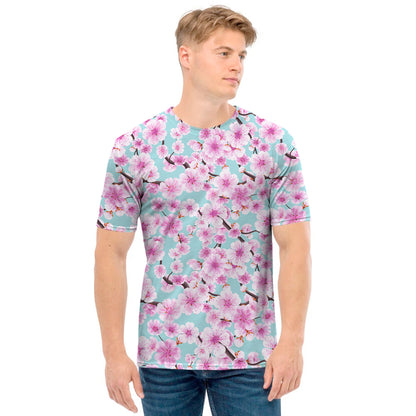 Sakura Cherry Blossom Pattern Print Men's T-Shirt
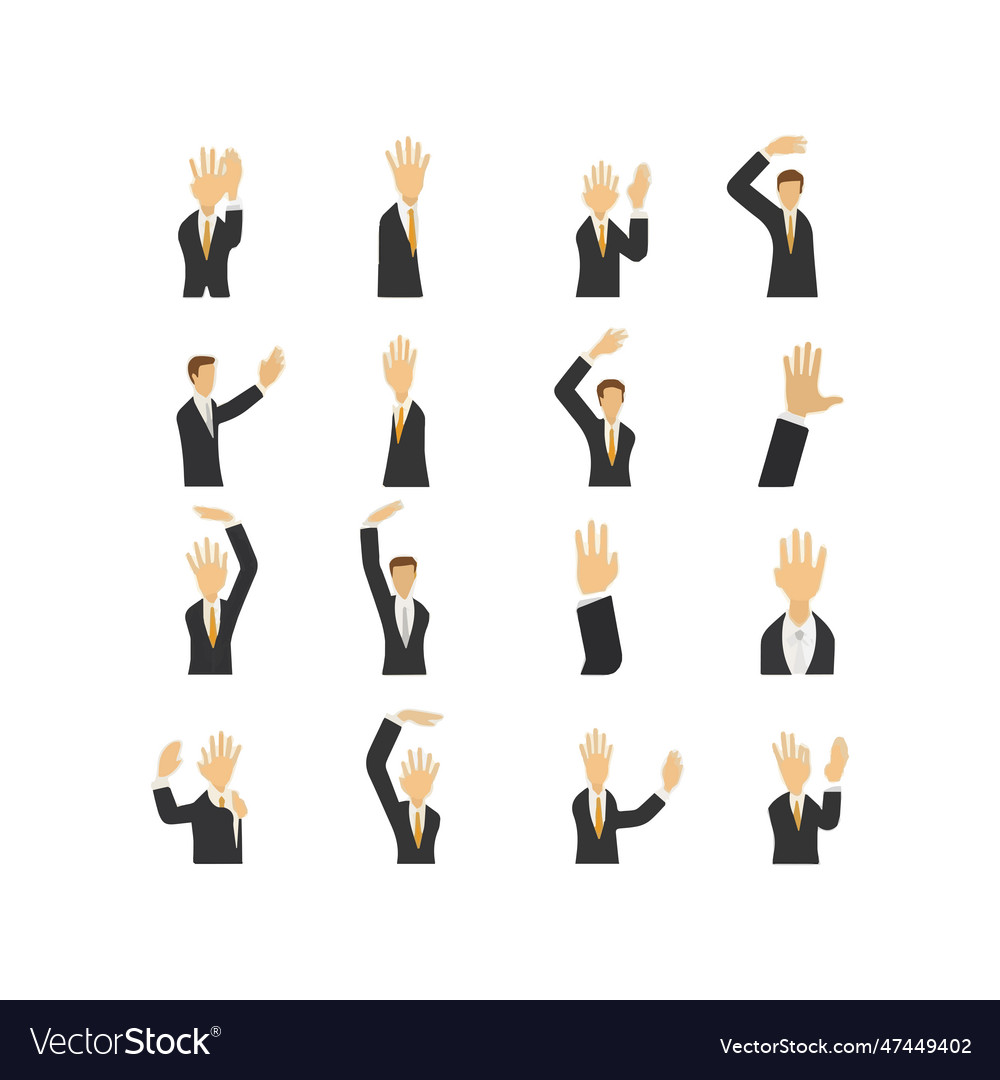 Set of hands showing different gestures palm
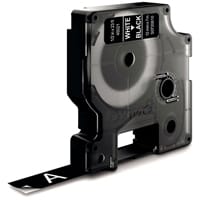 Dymo D1 Tape 45021, 12mm x 7m, White on Black (S0720610) - Reversed Colour Labels for Bold and Clear Labeling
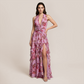 Vacation Maxi A-Line Satin Ruffle HalterFlowy Dress - MYTHSIS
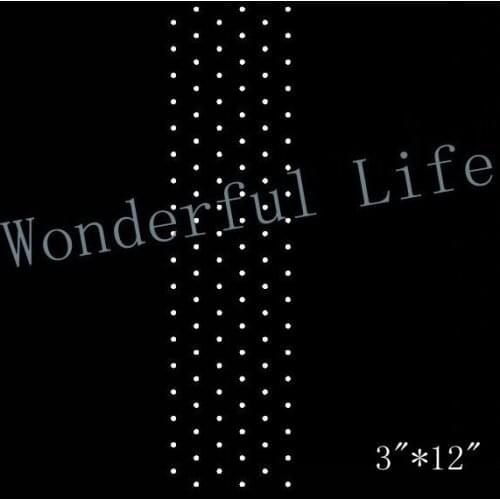 Free shipping design hot fix rhinestone Heat transfer design dot strips for garment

════════════════════

*Exercise*:
Retype exactly, and only, the lines from the one containing "Set of hands showing different gestures palm" through the end of the records above. Pictures stay out of the copy.

*Problem solution*:
 Set of hands showing different gestures palm
 Dymo D1 Tape 45021, 12mm x 7m, White on Black (S0720610) - Reversed Colour Labels for Bold and Clear Labeling
 Vacation Maxi A-Line Satin Ruffle HalterFlowy Dress - MYTHSIS
 Free shipping design hot fix rhinestone Heat transfer design dot strips for garment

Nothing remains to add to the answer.